Nesnelerin interneti ile ne kadar güvendesiniz?

Nesnelerin interneti ile ne kadar güvendesiniz?

Günlük hayatımızda yerini alan ‘Nesnelerin İnterneti (IoT)’ tehditlerle karşı karşıya. Daha güvenli bir IoT ortamı yaratmak için, teknoloji şirketlerinin ve çözüm geliştiricilerin cihazlarını ve çözümlerini mümkün olduğunca güvenilir hale getirerek liderlik rolünü üstlenmeleri gerekiyor.

1000
Nesnelerin interneti ile ne kadar güvendesiniz?

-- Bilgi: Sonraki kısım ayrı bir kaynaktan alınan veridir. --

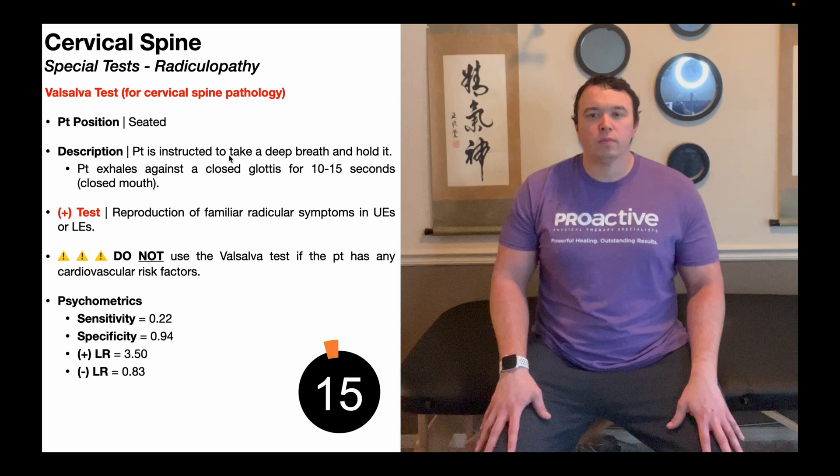The patient is instructed to take a deep breath in and hold it while they forcefully exhale against a closed glottis. When you typically exhale, you're breathing air out through your mouth or out through your nose. When you exhale against a closed glottis, you're activating all the muscles necessary to exhale, except you're not allowing any air to leave — no air comes out of your nose, no air comes out of your mouth. That increases pressure within the different cavities of the body, in particular the thoracic cavity and the cervical spine.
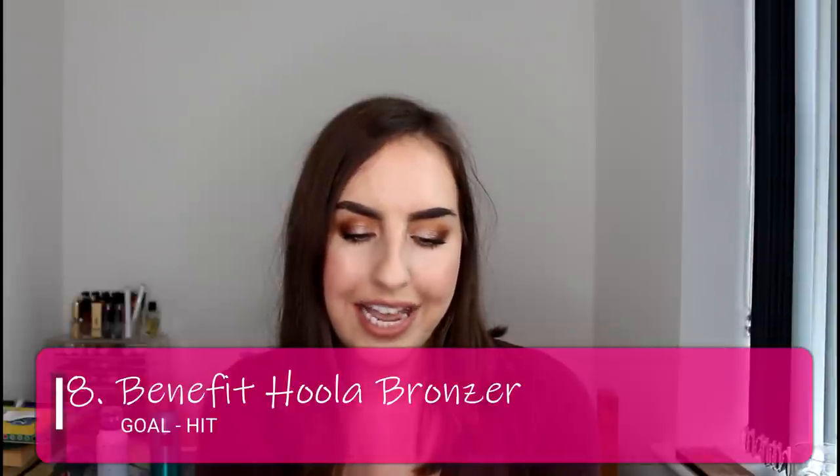Next is my Benefit Hoola bronzer. My goal was to hit pan on this, and I had done so at the last update. I've carried on using it pretty much as a daily bronzer since then — I'm wearing it today — but I have been switching it up and using other bronzers too, since I don't have other bronzers in project pans and feel more free to use different things. I don't know whether I want to carry on and see if I can get it completely used up, or whether I want to keep playing the field with bronzers. But I thought it was noteworthy that I have continued making progress regardless, even though I have already hit my goal on this product.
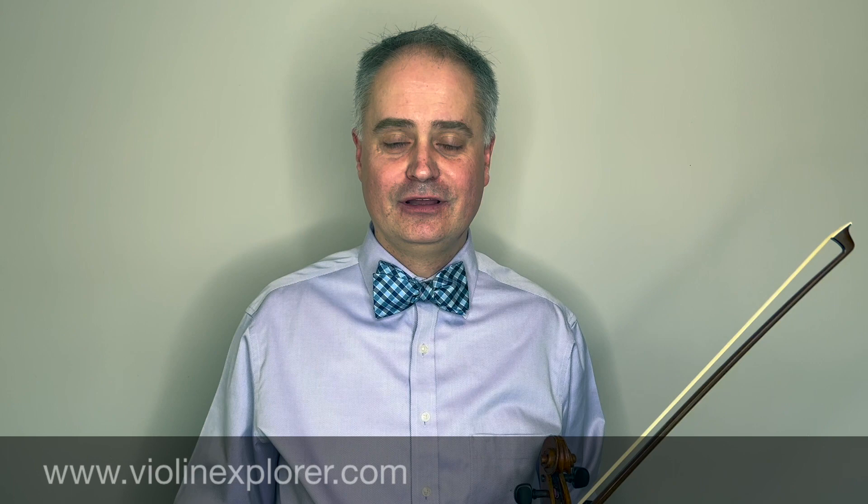If you enjoyed this video, please give it a thumbs up and subscribe to my channel. That would mean a lot to me. Also, if you would consider visiting my website, I would appreciate it too. You can find more information about my online lessons. Thanks for watching.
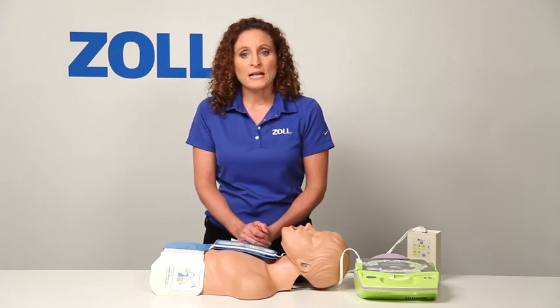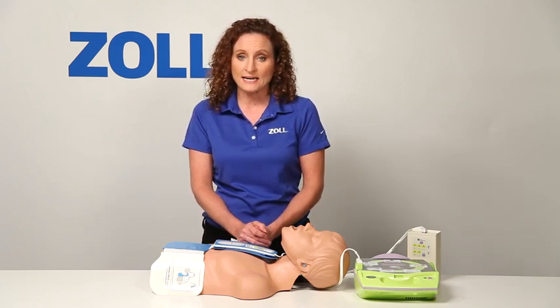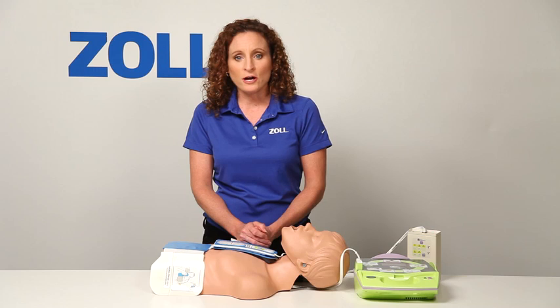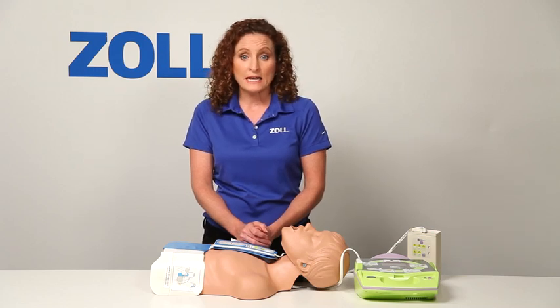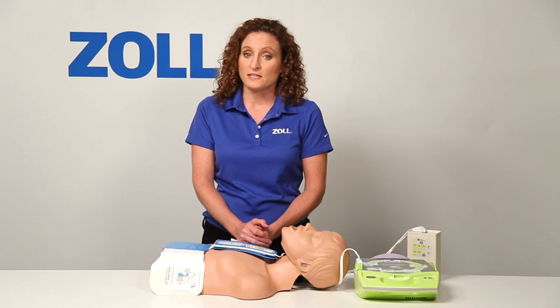Real CPR Help lets me know when my compressions fully comply with the 2010 guidelines. I no longer have to guess when I'm in compliance. This gives me peace of mind that I'm doing the very best job for the victim.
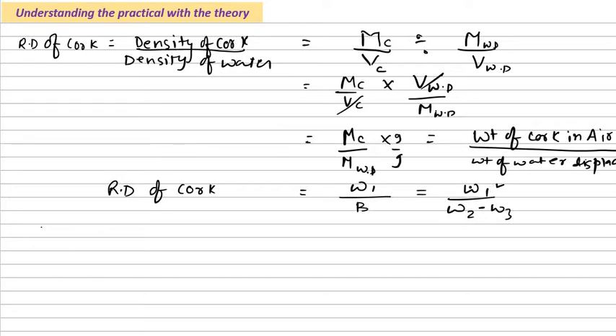W1 is the weight of the cork in air, found experimentally with the spring balance. W2 is the weight of the cork in air plus the weight of the sinker in water. W3 is the weight of the cork in water plus the weight of the sinker in water. Substitute these three experimental values and you get your answer. We require a sinker because it is denser than water — it sinks and drags the cork piece down with it, allowing the cork to submerge so we can find the buoyant force. Hopefully you enjoyed the explanation — please subscribe to my channel and comment any doubts. Thank you for watching.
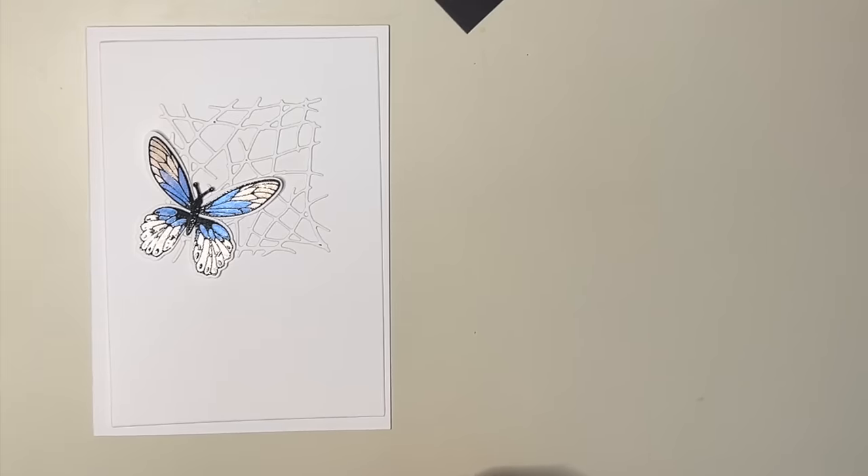There's the stamp set, there's the card. Thank you so much for watching and come back and see me next time.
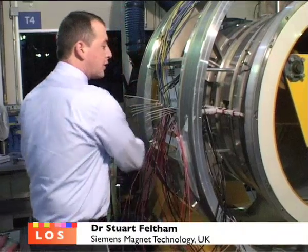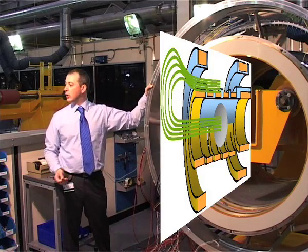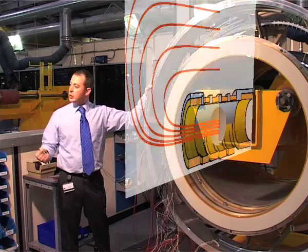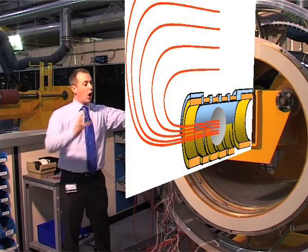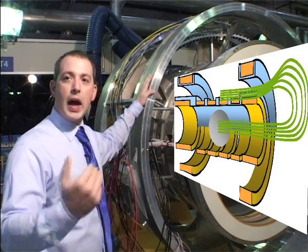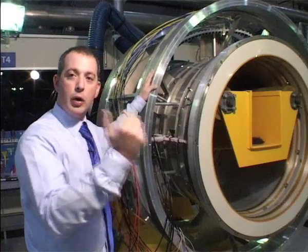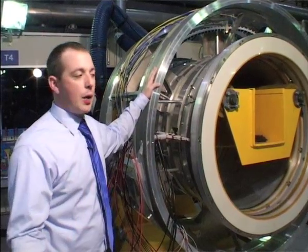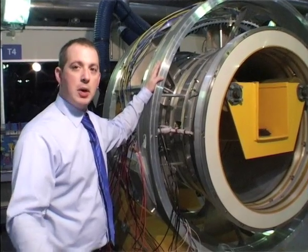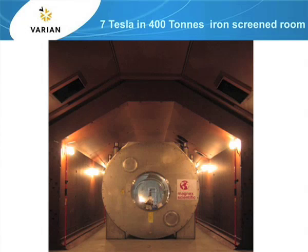This circuit is also connected to two further coils, which we call the screening coils. These coils reduce the stray magnetic field of the inner magnet. Without these coils, we would have large iron shields all around the room, which are very heavy, only allowing MRI magnets to be sited in basements or on ground floors.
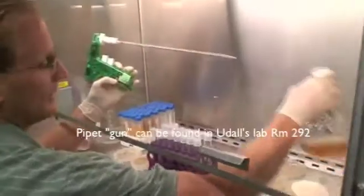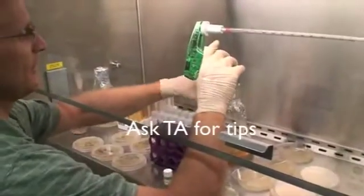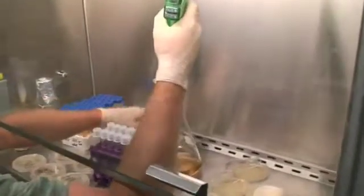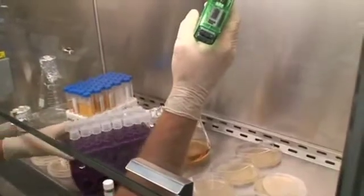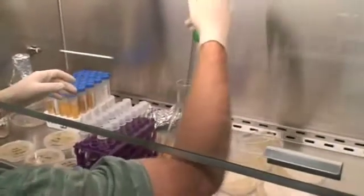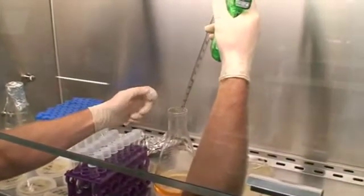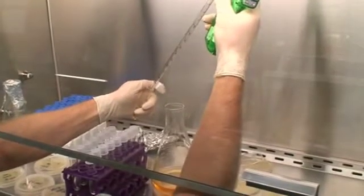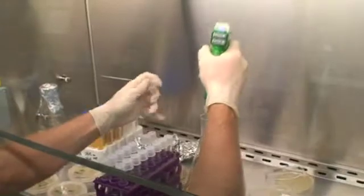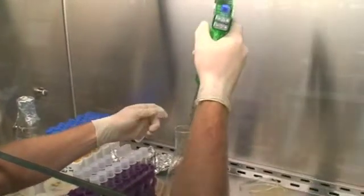So this is my LB media — it's not LB agar. I'm trying not to touch this tip anywhere because I don't want to contaminate my media. What I'm doing here is I just need to put in five milliliters into each tube and let that incubate overnight. There's five — I'm a little out of practice with this. It's five milliliters plus or minus half a mil, really.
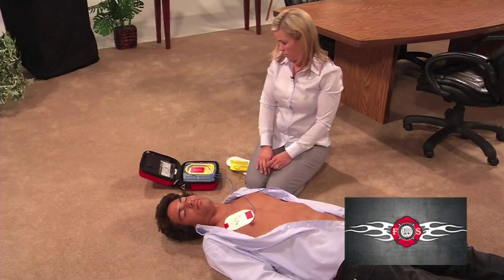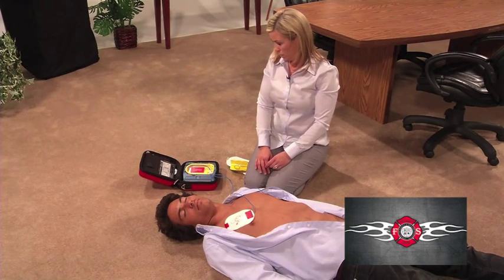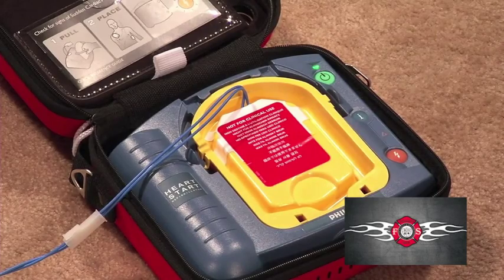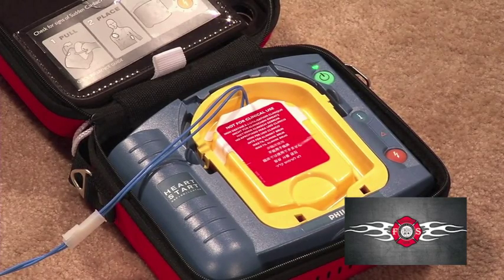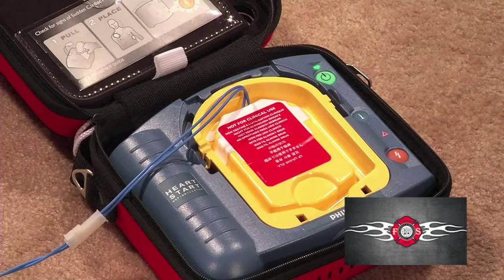As soon as the pads are in place, the AED will immediately start to evaluate the heart rhythm. Make sure no one is touching the patient, then press the flashing orange button now.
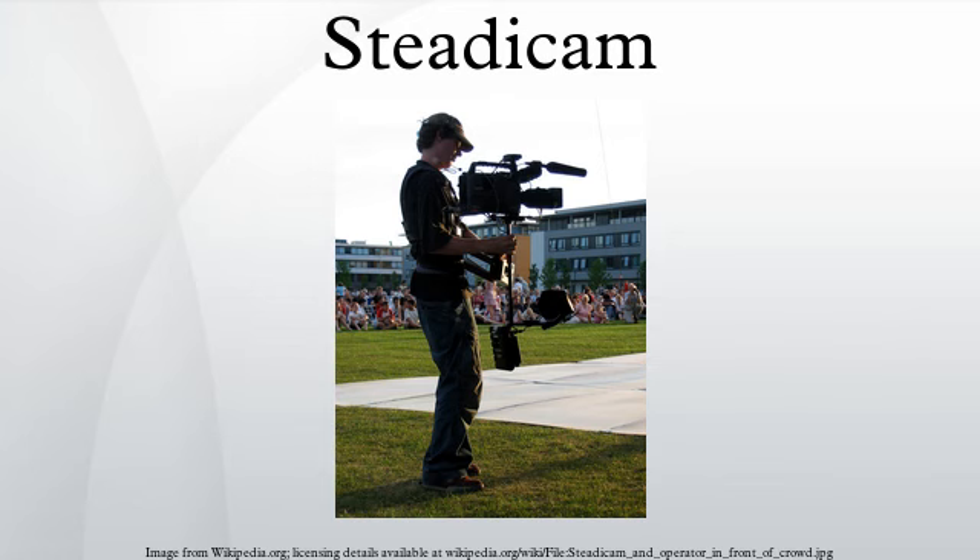A smaller, lighter Steadicam was introduced in 2012 called the Smoothie. Its tubular frame can support Apple iPhones along with GoPro cameras that have an attached viewfinder monitor. Its target retail price was originally under $200, and it may be purchased in consumer camera stores. Pre-weighted, balanced iPhone and GoPro adapters modularly allow interchange of cameras.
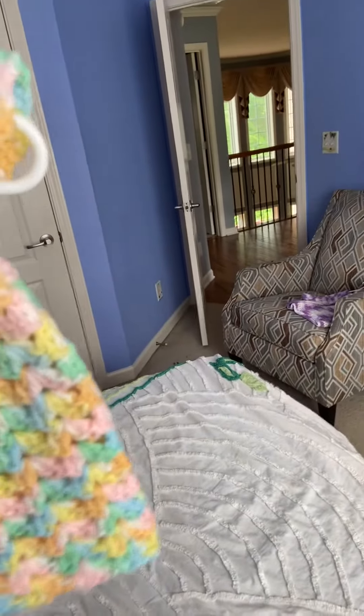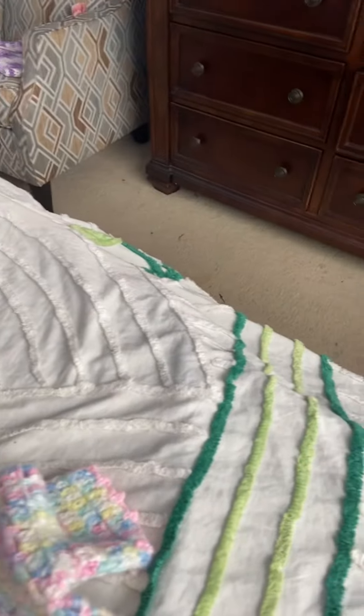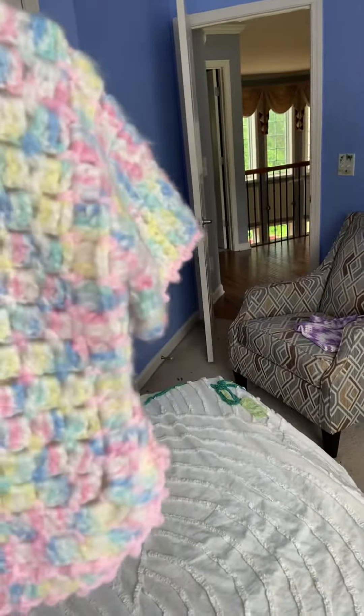Here's another one — this is a poncho that I made for a little baby. I also made this one, which is a little jacket, and this one was a tutorial I got from Ruby Steadman here on YouTube.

Nesnelerin birbirleriyle veya daha büyük sistemlerle bağlantılı olduğu ‘Nesnelerin İnterneti' iletişim ağı artık hayatımızın içinde. Bu ağ aynı zamanda, elektronik cihazları, yazılımları, çeşitli sensör ve iletişim cihazlarını barındıran, bilgi alışverişinde bulunan “akıllı cihazlar” ya da “birbirine bağlı cihazlar” olarak adlandırılıyor.

Farkında olmasak da gün içinde sıkça kullandığımız ve yakın gelecekte hayatımızdaki rolünü büyütmesi beklenen bu kavram yaşamı kolaylaştırıyor. Gelişen teknoloji ile birlikte, hemen herkes ‘Nesnelerin İnterneti’nin bireyler, işletmeler, tüketiciler ve teknoloji şirketleri için fırsat olduğunu kabul ediyor. IDC Research’e göre IoT ünitelerinin kurulu tabanının, yılda yüzde 17,5 artış göstermesi bekleniyor. Önümüzdeki beş yıl için, pazarın genişleyerek 7,1 trilyon dolarlık bir hacme ulaşacağı tahmin ediliyor.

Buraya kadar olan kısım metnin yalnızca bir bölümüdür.